"We haven't outgrown God because we're still needy & easy to take advantage of, not because he exists. The fact you can't demonstrate his existence drives my point home, the name calling is just to let you know that i don't take the existence of christianity lightly, i see it as a very bad thing that needs to be fixed.
Exhibit A) the thread starter, completely at a loss, comes here for advice... why? Because christianity has messed his life up! My advice to him is that he should privately tell the elders where to put their briefcases."
I wouldn't equate JW elders with Christianity. Although it's an easy mistake to make.
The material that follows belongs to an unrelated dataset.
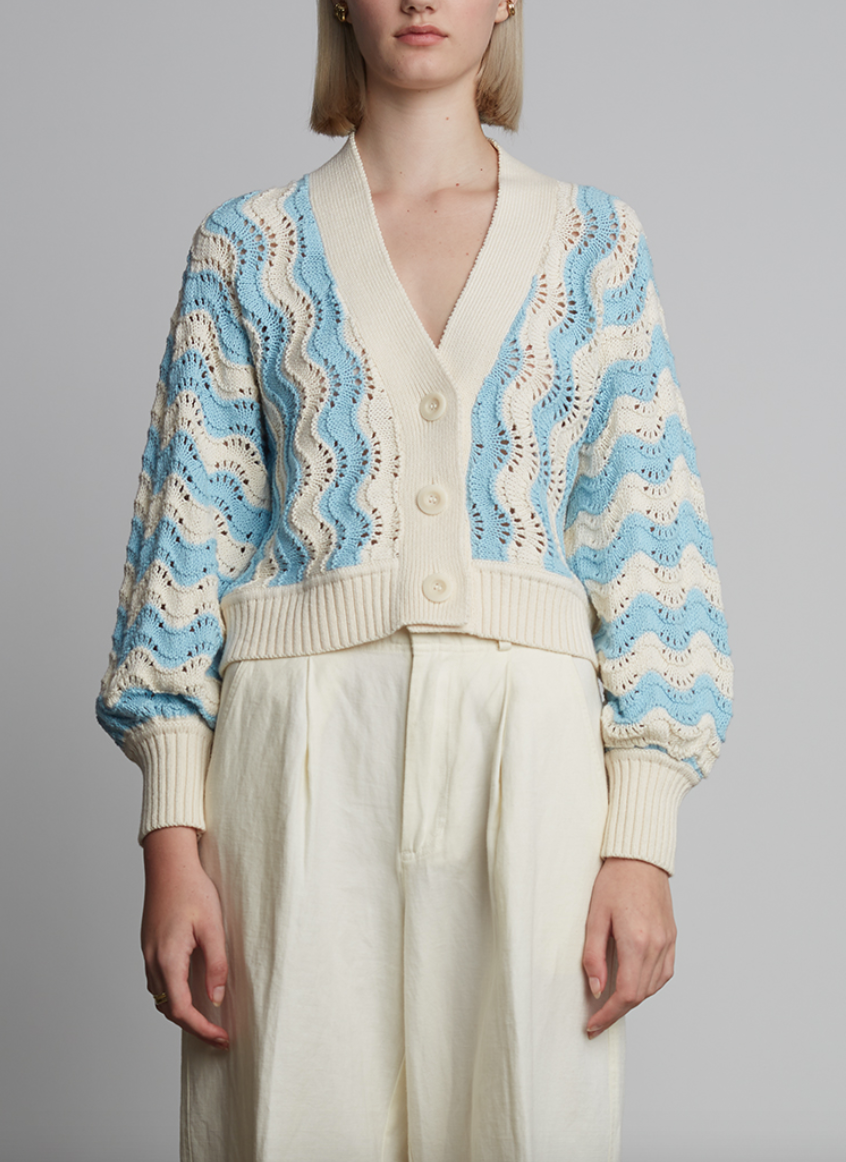 Luna cardi ivory + robin egg blue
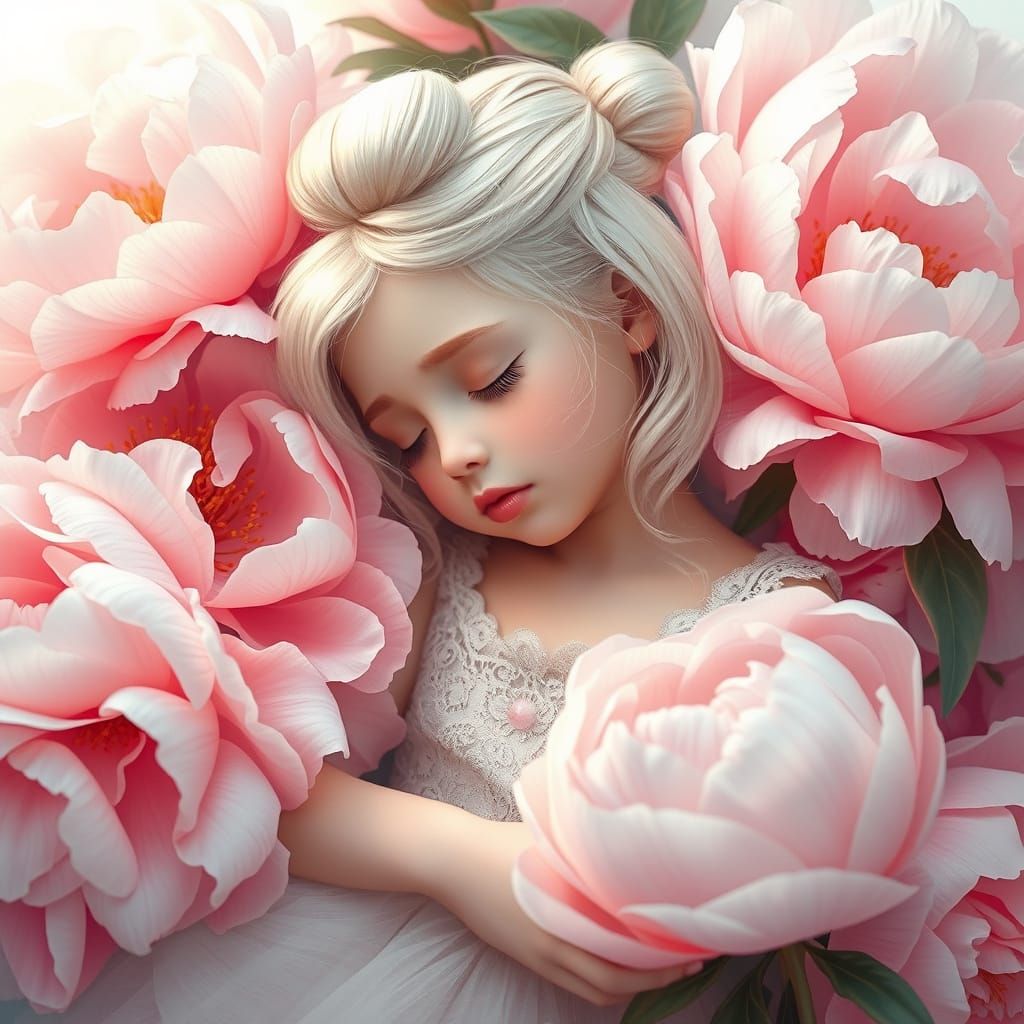 Dreamlike Girl Sleeps Among Giant Pastel Peonies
I seem to remember learning in history lessons in school that Stalin tried to eradicate religion, including Christianity, from Russia and it resulted in the loss of millions of lives *. I'm assuming you're suggesting something very similar when you describe it as needing to be "fixed". How do you fix something that is innately in human beings without murdering them? You're coming across as stringently zealous as I'm sure you'd accuse the JW elders as being.
Quite why believing in Jesus and doing your best to love your neighbours and your enemies is a "very bad thing" doesn't actually make any logical sense and hints at a level of antipathy towards another way of thinking that runs through the veins of only the most dogmatic. But then, Dawkins does describe love as being a part of evolution that's mis-firing.
Have you read Dawkins view of eugenics, Hitler and what he felt Hitler was trying to accomplish?
If it's ok with you, I'll follow the teachings of Jesus.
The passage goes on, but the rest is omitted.